Asylum, EU’s new battleground for democracy

How politicians in Europe use migration to seize power and change democracy

, by Alain de Raymond

All the versions of this article: [Deutsch] [English]

Asylum, EU's new battleground for democracy
Photo: Délmagyarország/Schmidt Andrea

Italy broke the European Union’s asylum rules by leaving a boat full of refugees on the sea. Meanwhile, the EU is updating these rules. The conflicting ways in which European politicians view democracy will determine how the rules will change, but politicians already used migration to change the EU’s democracies.

Since 2015, Hungary refuses to take in refugees in the name of democracy. Some European leaders argued Hungary should take them in… in the name of democracy. Hungarian leaders claimed the Hungarians didn’t support the intake. And the European leaders argued the intake was voted for in the European Union. So what happened?

EU countries voted to redistribute asylum seekers at the end of 2015. It was one of those rare cases where not all EU countries agreed. But they could -and did- vote with an extended majority. Hungary voted against the plan. But it also agreed a few years earlier that asylum issues could be decided with this extended majority. So why would Hungarian leaders still protest the EU’s decision? Because many in the EU view democracy in a different way.

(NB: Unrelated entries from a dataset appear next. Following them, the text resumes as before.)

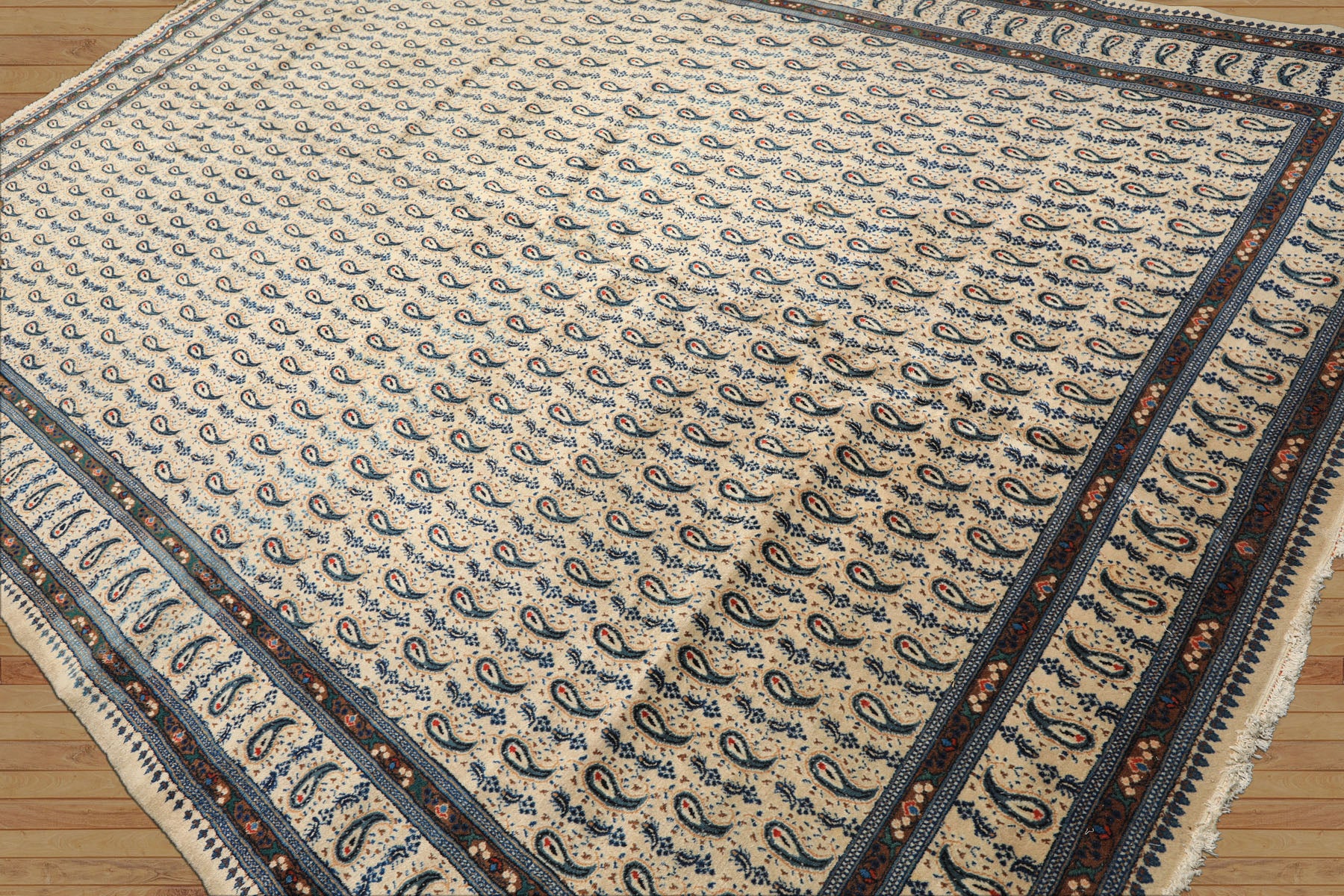 8x11 Ivory, Navy, Brown Color Hand Knotted Serabend Wool Traditional Oriental Rug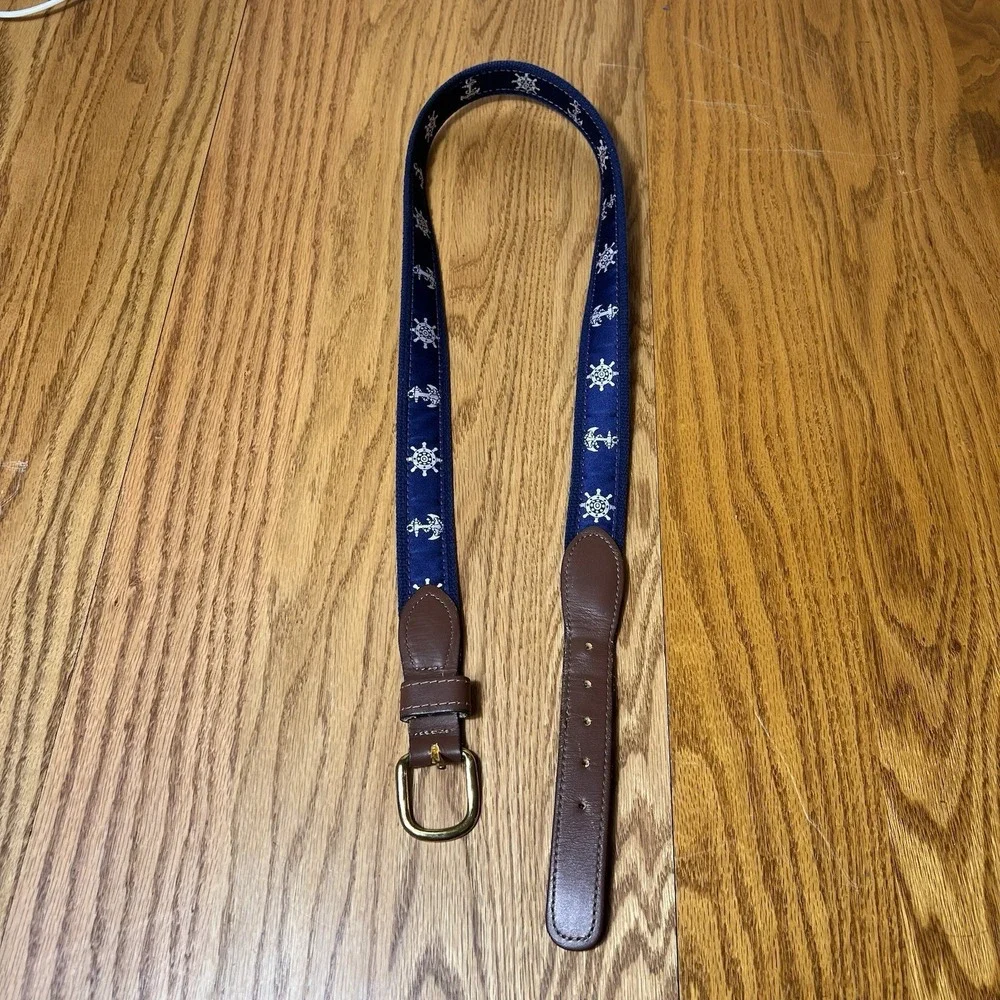 Men's Navy Blue Nautical Anchor Wheel Belt size 38 Preppy Cruise Brown Leather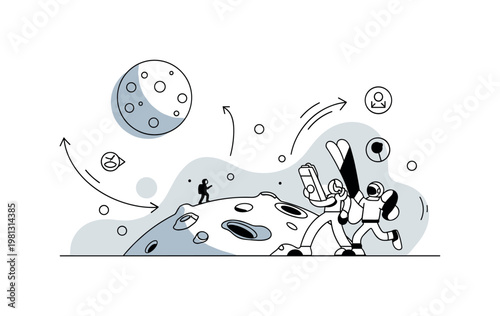 Futuristic planetary scene. A stylized exoplanet surface features unique shapes and a large celestial body overhead, with a small explorer silhouette. Gentle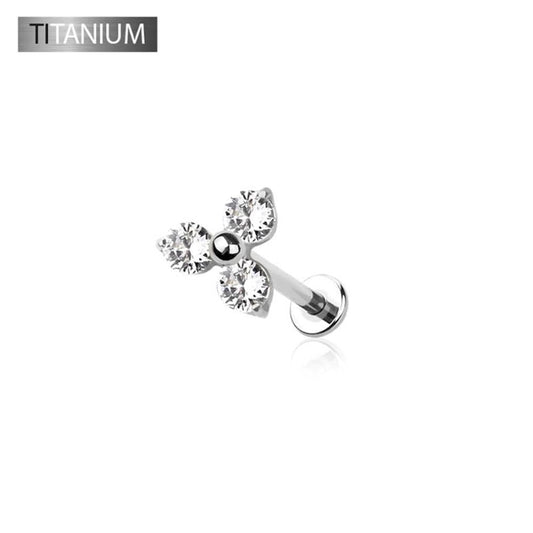Premium G23 Titanium Claw-Set Tri-Petal Flower Threadless Flat Back 18g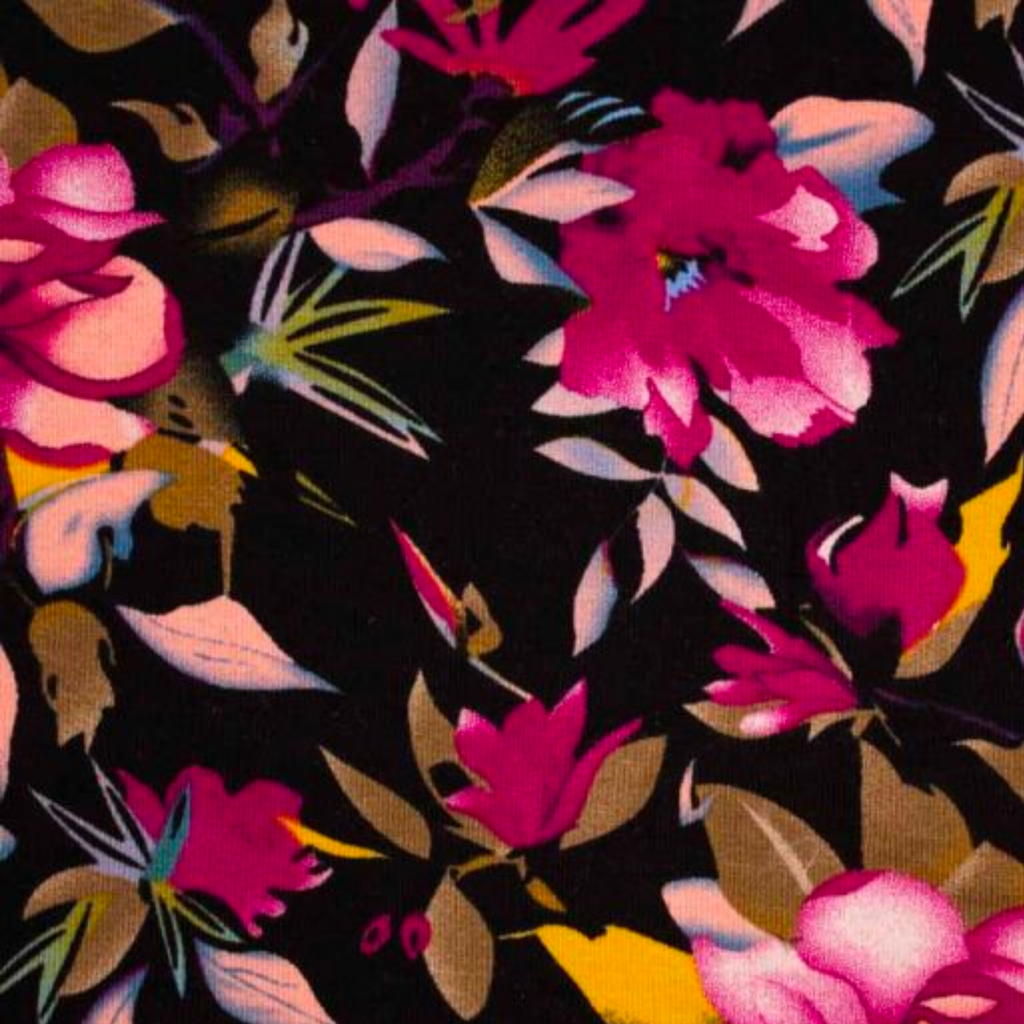 Fuchsia Floral Soft Viscose Jersey Fabric
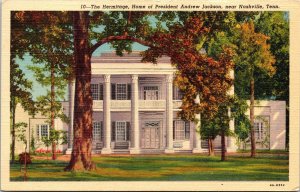 Hermitage Home President Andrew Jackson Nashville TN Tennessee Linen Postcard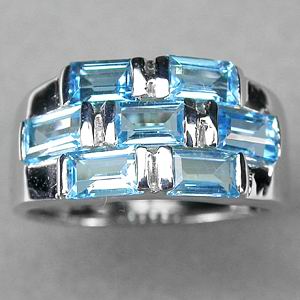 Стильное кольцо с голубыми топазами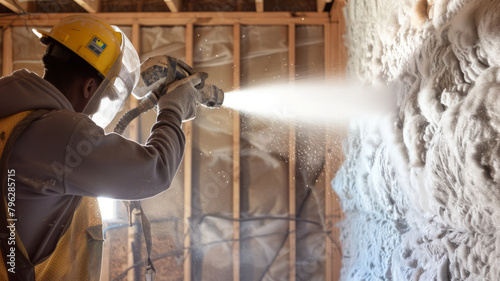 Shot of worker blowing loosefill insulation into wall cavity.generative ai photo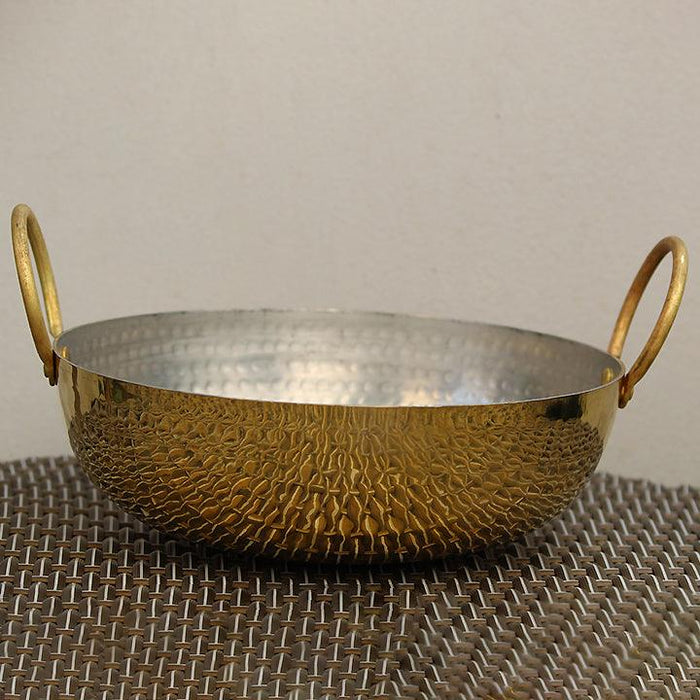 Buy Cookware - Brass Kadhai With Lid | Golden Cookware For Kitchen Utensils & Dining by Indian Bartan on IKIRU online store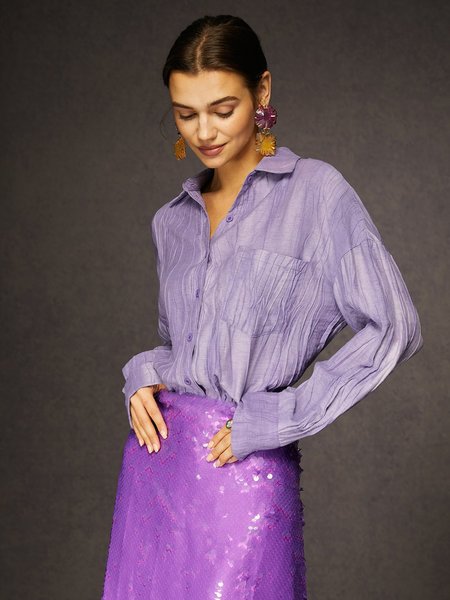 

Elegant Textured Loose Shirt, Light purple, Blouses and Shirts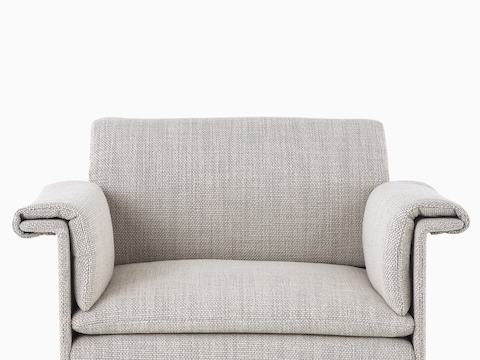 Cropped front view of a Mantle Club Chair upholstered in Capri Stone.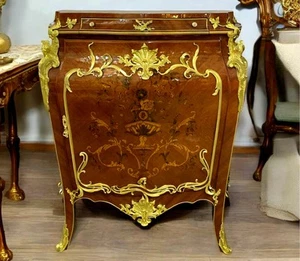 Louis XV Style Brown Commode Cabinet Bronze Details Late 19th Century Cabinet - Picture 1 of 2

Liberal and illiberal democracy

What is democracy? Many libraries are filled with attempts to describe it. In this case, the conflict is rising between those defending a so-called liberal democracy and those opposing it. The crucial question in this conflict: how powerful can politicians be, compared to other persons and organisations outside of Parliament?

Politicians defending the liberal democracy believe those persons and organisations should be as strong and well-organised as possible. Examples: a free press, independent judges and universities, strong companies and free non-governmental organisations (NGOs) like charities. Since politicians regularly change, it’s a healthy reflection to wonder if those organisations and people aren’t becoming too powerful. Possibly resulting in political immobilism: not enough power left for politicians to make a difference. Politicians should make the rules.

Politicians opposing liberal democracy believe certain non-Parliamentary organisations and persons should be weak, loyal and disorganised. Judges should be less independent. NGOs should be government-controlled and limited. Too critical journalists silenced. The goal is to have as few as possible standing between politicians and the people. A good remark: it possibly leads towards an authoritarian regime. Politicians could come in a position to change the democratic rules as they please and stay in power as long as they want. That’s why some call them ‘illiberal’ or ‘autocrats.’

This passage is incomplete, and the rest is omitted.